Data records:
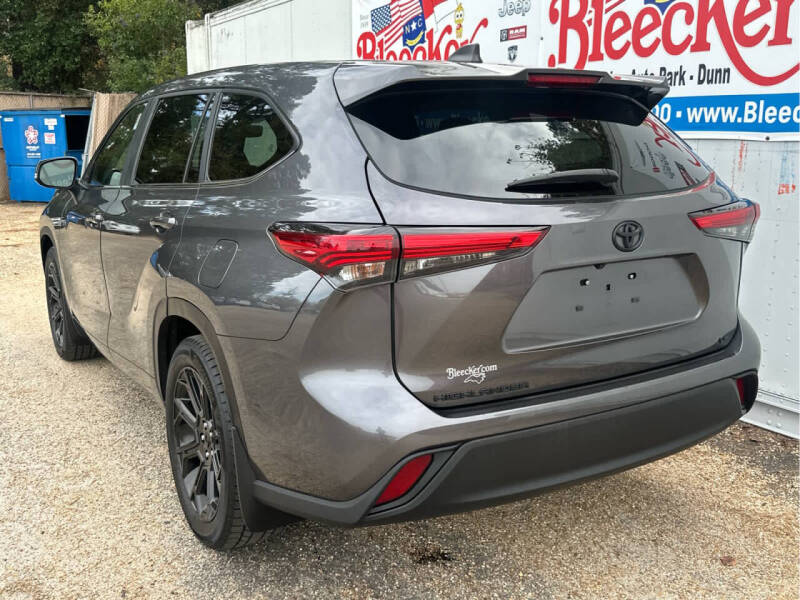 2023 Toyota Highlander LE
---
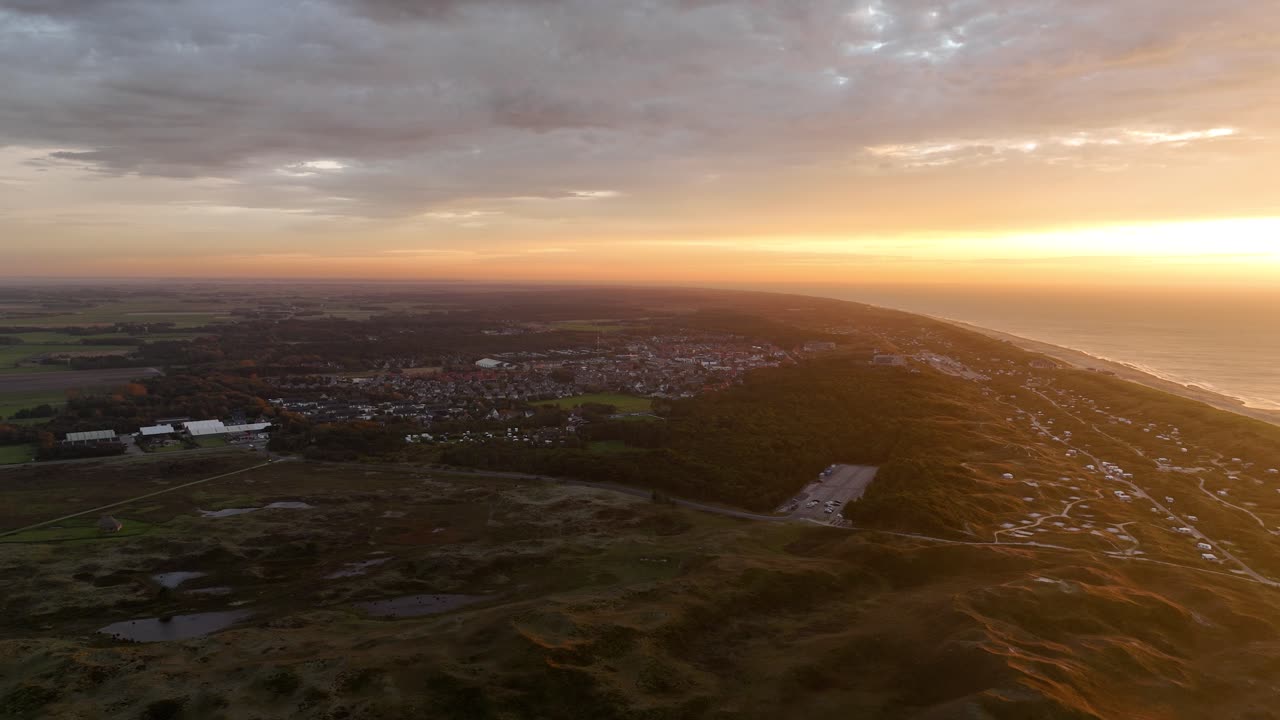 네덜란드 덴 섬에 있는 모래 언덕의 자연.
==
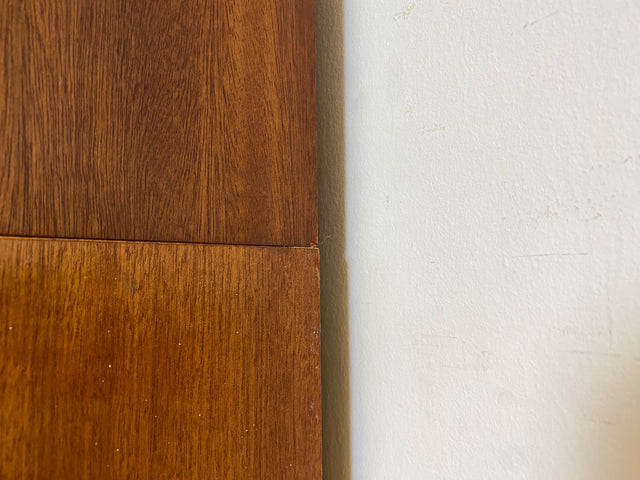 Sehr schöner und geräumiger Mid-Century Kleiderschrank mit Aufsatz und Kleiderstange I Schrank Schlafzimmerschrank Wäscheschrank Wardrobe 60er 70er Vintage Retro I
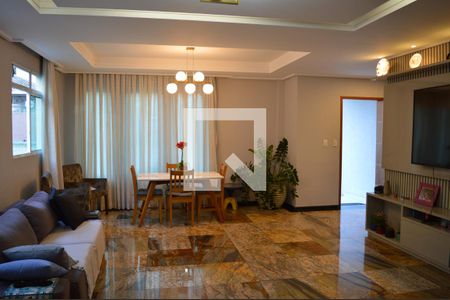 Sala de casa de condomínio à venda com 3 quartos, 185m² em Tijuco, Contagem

Required action:
Using the entries above, extract exactly the lines from the one that contains "Sehr schöner und" through the one that contains "Sala de casa". Do not carry over any pictures.

Finished task:
 Sehr schöner und geräumiger Mid-Century Kleiderschrank mit Aufsatz und Kleiderstange I Schrank Schlafzimmerschrank Wäscheschrank Wardrobe 60er 70er Vintage Retro I
 Sala de casa de condomínio à venda com 3 quartos, 185m² em Tijuco, Contagem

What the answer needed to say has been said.